Reputation: 338
text = '''\
<html>
<body>
<p><strong>test</strong>TEXT A B </p>
<p><strong>test</strong>TEXT A </p>
<p><strong>test</strong>TEXT B </p>
<p><strong>ok</strong>TEXT A B </p>
<p>TEXT A B </p>
<body>
</html>'''
import lxml.html
root = lxml.html.fromstring(text)
There are three p nodes in html-text, i want to extract <p><strong>test</strong>TEXT A B </p>
as desired.
The features are :
1.the text value of p element contains A
and B
.
2.the text value of p's sub element strong
is test
.
node = root.xpath('.//p[contains(text(),"A") and contains(text(),"B")]')
The above expression will extract the three nodes,i have a try with xpath:
node = root.xpath('.//p[/strong(contains(text(),"test")) and contains(text(),"A") and contains(text(),"B")]')
It is a invalid expression in xpath,how to write the right format?
Upvotes: 1
Views: 114
Reputation: 2469
Try a solution other than XPath, and you may like it, too.
from simplified_scrapy import SimplifiedDoc
html = '''<html>
<body>
<p><strong>test</strong>TEXT A B </p>
<p><strong>test</strong>TEXT A </p>
<p><strong>test</strong>TEXT B </p>
<p><strong>ok</strong>TEXT A B </p>
<p>TEXT A B </p>
<body>
</html>'''
doc = SimplifiedDoc(html)
ps = doc.selects('p').contains(['<strong>test</strong>','A','B'])
print (ps)
Result:
[{'tag': 'p', 'html': '<strong>test</strong>TEXT A B '}]
You can also try the following code to see what is output.

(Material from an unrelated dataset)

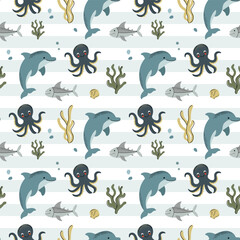 Seamless pattern with octopus, dolphin. Cute marine animals. Cartoon sea. Background with underwater characters.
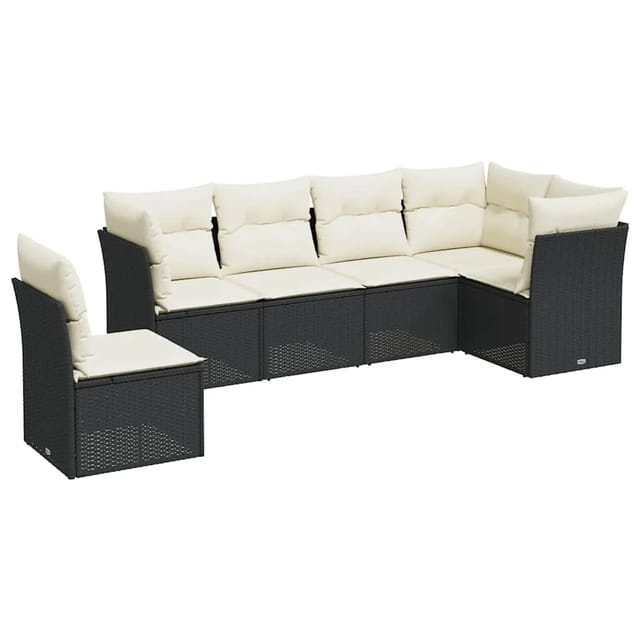 vidaXL 6-Tlg Garten-Sofagarnitur mit Kissen Schwarz Poly Rattan 3249535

print (doc.selects('p').containsOr(['<strong>test</strong>','<strong>ok</strong>']))
print (doc.selects('p').notContains(['<strong>test</strong>','<strong>ok</strong>']))
Upvotes: 1
Reputation: 22617
A correct XPath expression given your requirements is
//p[contains(., 'A') and contains(., 'B') and strong/text() = 'test']"
Python output
>>> root.xpath("//p[contains(., 'A') and contains(., 'B') and strong/text() = 'test']")
[<Element p at 0x1075031b0>]
Problem with your proposed approaches
Your first solution does not include all conditions (text content of strong
is missing), while the second one includes strong()
(you probably meant strong[]
).
Your second proposed approach can be amended with minimal changes, with the same output:
>>>> root.xpath('//p[strong[contains(text(),"test")] and contains(text(),"A") and contains(text(),"B")]')
[<Element p at 0x1075031b0>]
The difference to my solution above being that I test for the string value .
, while your solution has text()
.
Upvotes: 0